In Phoenix, DNC chairman Tom Perez stresses Trump's 'broken promises'

DNC Chairman Tom Perez spoke about Trump’s recent proposed budget cuts that would slash funding for Medicaid, Medicare, and Social Security programs during a roundtable discussion on Monday, Feb. 17, 2020.

Seeking to repeat 2018's ballot-box success for Democrats in Arizona and across the country, the national party’s chairman spent Monday in Phoenix emphasizing what he called President Donald Trump’s "broken promises" in his proposed budget, especially on health care.

Tom Perez, Democratic National Committee chairman, hammered Trump’s priorities, saying Trump had broken campaign pledges not to hurt Social Security and Medicare while preserving tax cuts for the wealthy. 

"He promised to make prescription drugs cheaper, and that hasn't happened because he refuses to stand up to the pharmaceutical industry," Perez said. "He repeatedly promised he would not cut Medicaid, Medicare and Social Security. You look at the budget in 2021, the proposed budget that they submitted last week does exactly that.

"Budgets, in my judgment, are moral documents. They reflect the values of a community and, frankly, a nation. This budget proposal from this president is morally bankrupt."

Perez's appearance comes days after the DNC announced that a presidential primary debate would take place in Phoenix, another sign of the party's confidence in the state's emerging purple status. 

Trump's latest budget proposal, unlikely to pass a Democrat-controlled House, would reduce spending in Medicare by $480 billion over a decade. Medicaid would get $920 billion less over the same 10 years as the administration seeks to reduce future deficits.

The Medicare savings would come chiefly in payment cuts to doctors and hospitals. Medicaid would cut its spending in part by having states implement work requirements and more-stringent eligibility screening.

His budget proposal last year also sought nearly $2 trillion in proposed cost savings in programs including Medicare and Medicaid and would have cut $26 billion from Social Security spending, much of it in the program that provides aid to the nation's disabled.   

In a January interview with CNBC, Trump signaled a willingness to take a new budgetary approach to entitlement programs.

"At the right time, we will take a look at that," he said. 

To emphasize the Democrats' concerns with the Trump budget, two Valley residents talked to Perez at a roundtable at Carpenters Local Union 1912 in west Phoenix about their own health care struggles. Democratic state lawmakers Rep. Raquel Terán of Phoenix and Rep.

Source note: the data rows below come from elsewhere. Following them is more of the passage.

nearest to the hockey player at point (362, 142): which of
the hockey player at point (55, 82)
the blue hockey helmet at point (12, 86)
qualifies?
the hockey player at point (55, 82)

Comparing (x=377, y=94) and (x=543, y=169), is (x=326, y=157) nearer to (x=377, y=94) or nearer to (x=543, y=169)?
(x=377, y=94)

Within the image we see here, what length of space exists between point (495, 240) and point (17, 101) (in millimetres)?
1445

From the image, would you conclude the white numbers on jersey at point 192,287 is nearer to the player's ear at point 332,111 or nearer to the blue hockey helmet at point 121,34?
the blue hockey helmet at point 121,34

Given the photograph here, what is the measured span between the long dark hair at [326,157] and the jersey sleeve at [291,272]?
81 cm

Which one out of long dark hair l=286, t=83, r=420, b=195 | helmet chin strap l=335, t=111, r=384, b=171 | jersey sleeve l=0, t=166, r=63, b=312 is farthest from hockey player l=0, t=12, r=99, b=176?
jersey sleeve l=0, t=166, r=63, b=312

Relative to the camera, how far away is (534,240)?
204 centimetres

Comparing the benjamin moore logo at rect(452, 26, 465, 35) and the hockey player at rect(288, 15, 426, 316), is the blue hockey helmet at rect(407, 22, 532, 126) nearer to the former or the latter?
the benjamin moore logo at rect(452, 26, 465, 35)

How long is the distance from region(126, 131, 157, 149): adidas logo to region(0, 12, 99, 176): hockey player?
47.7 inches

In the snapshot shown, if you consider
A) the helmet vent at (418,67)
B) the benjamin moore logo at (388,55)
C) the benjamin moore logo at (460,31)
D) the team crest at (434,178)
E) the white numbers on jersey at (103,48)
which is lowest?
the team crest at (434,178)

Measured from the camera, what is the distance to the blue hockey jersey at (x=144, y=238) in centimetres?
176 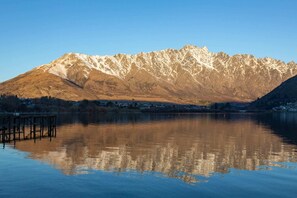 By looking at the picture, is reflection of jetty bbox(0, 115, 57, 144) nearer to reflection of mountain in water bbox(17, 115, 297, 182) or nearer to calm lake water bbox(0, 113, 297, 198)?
reflection of mountain in water bbox(17, 115, 297, 182)

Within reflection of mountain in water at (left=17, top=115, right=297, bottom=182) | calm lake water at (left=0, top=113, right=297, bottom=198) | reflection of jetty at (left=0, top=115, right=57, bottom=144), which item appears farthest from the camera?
reflection of jetty at (left=0, top=115, right=57, bottom=144)

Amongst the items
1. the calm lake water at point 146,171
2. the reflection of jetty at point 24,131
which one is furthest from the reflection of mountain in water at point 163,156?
the reflection of jetty at point 24,131

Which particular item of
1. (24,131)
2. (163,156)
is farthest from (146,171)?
(24,131)

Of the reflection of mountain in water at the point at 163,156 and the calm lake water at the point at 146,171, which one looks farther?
the reflection of mountain in water at the point at 163,156

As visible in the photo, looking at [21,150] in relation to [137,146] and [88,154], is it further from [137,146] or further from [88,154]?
[137,146]

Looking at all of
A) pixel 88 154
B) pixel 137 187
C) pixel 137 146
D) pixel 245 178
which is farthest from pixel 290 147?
pixel 137 187

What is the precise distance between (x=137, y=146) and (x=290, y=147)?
32.2 metres

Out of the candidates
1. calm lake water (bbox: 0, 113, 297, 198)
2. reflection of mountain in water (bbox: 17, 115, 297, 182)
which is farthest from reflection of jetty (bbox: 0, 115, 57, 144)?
calm lake water (bbox: 0, 113, 297, 198)

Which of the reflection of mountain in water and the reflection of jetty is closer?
the reflection of mountain in water

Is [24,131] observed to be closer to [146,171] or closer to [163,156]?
[163,156]

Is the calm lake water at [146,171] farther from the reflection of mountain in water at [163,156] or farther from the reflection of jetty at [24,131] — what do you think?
the reflection of jetty at [24,131]

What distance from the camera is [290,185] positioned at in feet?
145

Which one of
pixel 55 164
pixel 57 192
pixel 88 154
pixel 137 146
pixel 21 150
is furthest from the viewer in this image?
pixel 137 146

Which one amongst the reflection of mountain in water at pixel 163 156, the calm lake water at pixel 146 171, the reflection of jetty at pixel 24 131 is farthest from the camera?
the reflection of jetty at pixel 24 131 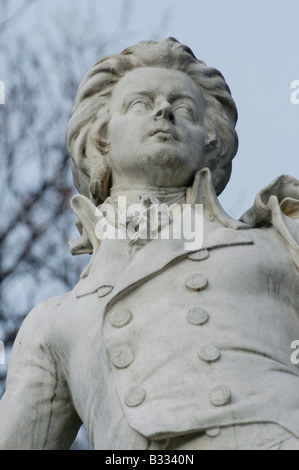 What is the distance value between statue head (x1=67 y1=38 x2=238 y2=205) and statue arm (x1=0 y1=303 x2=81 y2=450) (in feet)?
2.66

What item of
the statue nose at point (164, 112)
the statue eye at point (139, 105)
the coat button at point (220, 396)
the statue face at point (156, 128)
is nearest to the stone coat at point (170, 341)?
the coat button at point (220, 396)

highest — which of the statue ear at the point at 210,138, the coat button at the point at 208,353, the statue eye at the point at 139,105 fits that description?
the statue eye at the point at 139,105

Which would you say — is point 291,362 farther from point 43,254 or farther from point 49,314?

Kelli Butler of Paradise Valley joined the discussion and echoed Perez's criticisms. 

Gilbert resident Steve Gomez said his 4-year-old son has already received a heart transplant and health care services totaling more than $3 million.

Gomez worries that if the Affordable Care Act is struck down, the nation will revert to the system that allowed insurance companies to cap lifetime medical expenditures. 

Trump supports the effort that includes Arizona Attorney General Mark Brnovich to remove the ACA's individual mandate, which critics say could unravel the law.

"There's no reason, as Chairman Perez says, to have to choose between his anti-rejection med and eating," Gomez said. "I can only imagine that his next transplant — because that is a very realistic future — would not be covered." 

Ashley Bridwell, a brain cancer survivor, received Social Security disability assistance as she obtained a pair of college degrees and now works in the health care system.

"I am the individual who sits on the other end of the desk and has to explain how these programs work and how they don't work to not only seniors, but also people with disabilities," she said. "I'm the person that sits in front of another human being and says, 'That's not covered' or 'You've exhausted your benefits.'"  

"I had the safety net, and as a result, I'm a productive woman with a disability working full-time managing my own life." 

National Republicans were quick to hit back at Perez.

“It’s rich Democrats are whining and complaining about President Trump’s budget proposal when (House Speaker) Nancy Pelosi (D-Calif.) and her leadership team are refusing to propose a budget for the second year in a row," said Torunn Sinclair, a spokeswoman for the National Republican Congressional Committee.

The Arizona Republican Party didn't address Trump budget proposals, but did note the state and nation are in the midst of historic economic growth.

"As Arizonans enjoy the benefits of a thriving economy and a booming job market, it's no surprise that the Grand Canyon State has become the No. 1 inbound state in the nation for new residents," Kelli Ward, the state GOP chairwoman, said in a written statement. "Thanks to the leadership of Gov. Doug Ducey, President Donald Trump, and Arizona's Republican lawmakers, people from all over are flocking to Arizona for higher-paying jobs, better opportunities, and new chances to invest in our people and our state. Because of our incredible success, Arizona has also become a top target for dark money Democrats. Ultra-liberal groups and Democrat-aligned super (political-action committees) are descending upon Arizona in droves to promote their radical, failed left-wing policies — as they have already done in California and New York."